America’s Book Reviewers Evaluate Their Ethics
Random reactions to the results of the National Book Critics Circle‘s survey on ethical practices for book reviewers and review editors:
⇒The fact that roughly half of the respondents believed it was acceptable for a reviewer “to regularly review books from the same one (or two) favorite publishing houses” speaks volumes to me about what is most stagnant in contemporary book reviewing. I wonder what the response would have been if the question had been more baldly stated as to the acceptability of an editor assigning reviews of books from the same houses over and over.
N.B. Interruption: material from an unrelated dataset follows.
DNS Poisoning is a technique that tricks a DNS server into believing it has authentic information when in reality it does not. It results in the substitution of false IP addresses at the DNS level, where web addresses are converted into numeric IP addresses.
I suspect it would be different, and I’m curious as to the perceptual mindset that would allow for such divergence.
⇒I found it mildly interesting that, among those people who could confine themselves to a simple yes or no answer, opinions were precisely divided on the question of whether it’s “ethical for a reviewer to decline to review a book he has already accepted for review, on the ground that he didn’t like the book and doesn’t want to say negative things in print.”
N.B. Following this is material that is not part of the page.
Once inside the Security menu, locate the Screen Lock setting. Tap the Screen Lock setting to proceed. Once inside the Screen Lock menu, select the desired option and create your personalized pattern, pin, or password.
⇒”Given that some companies… pay bloggers for reviews of products and services, should any book reviews commissioned in that way be identified as arising out of commissions?” The obvious and overwhelming answer to that question is “yes,” but given that it’s highly unlikely that any bookblogger of any repute, or with any likely interest in associating with “real” book reviewers like those in the NBCC, engages in such practices, should one consider this question anything other than rhetorical flamebait?
⇒Speaking of blogs, if at least 54.6 percent of the survey’s respondents believe that “iterary blogs [should] adhere to the same rules of ethics, whatever the consensus may turn out to be on them, as newspaper book-review sections,” I would hope that they also believe that the maintenance of a literary blog is in and of itself sufficient to qualify one for membership in the National Book Critics Circle along with the rest of the “professional book review editors and book reviewers.” If not, I really don’t see that bloggers, even those who are also professional book reviewers, need to give weight to any judgment the NBCC membership passes on their blogging practices. (There are other philosophical objections one could raise to imposing ethical standards by “consensus,” particularly when it’s as nebulous as the Circle’s, but that conversation may be too deep first thing on a Monday morning.)
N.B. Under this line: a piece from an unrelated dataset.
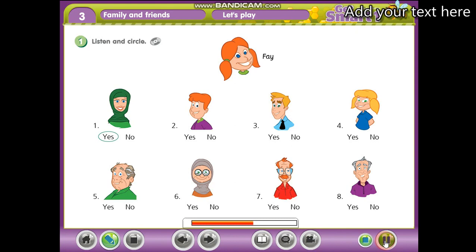5. Is that your grandfather? Yes, it is. 6. Is that your grandmother? Yes, it is. 7. Is that your friend? No, it isn't.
⇒One imagines that all those NBCC members contributing to the Barnes & Noble Review must be breathing a sigh of relief that slightly more than half of their peers think it’s okay for a book review to include links to sites that sell the book under consideration. Interesting that the survey chose not to raise the precise question of whether it’s okay for literary blogs to link to sites that sell the books they discuss, given the weight that issue has been given by NBCC members in times past.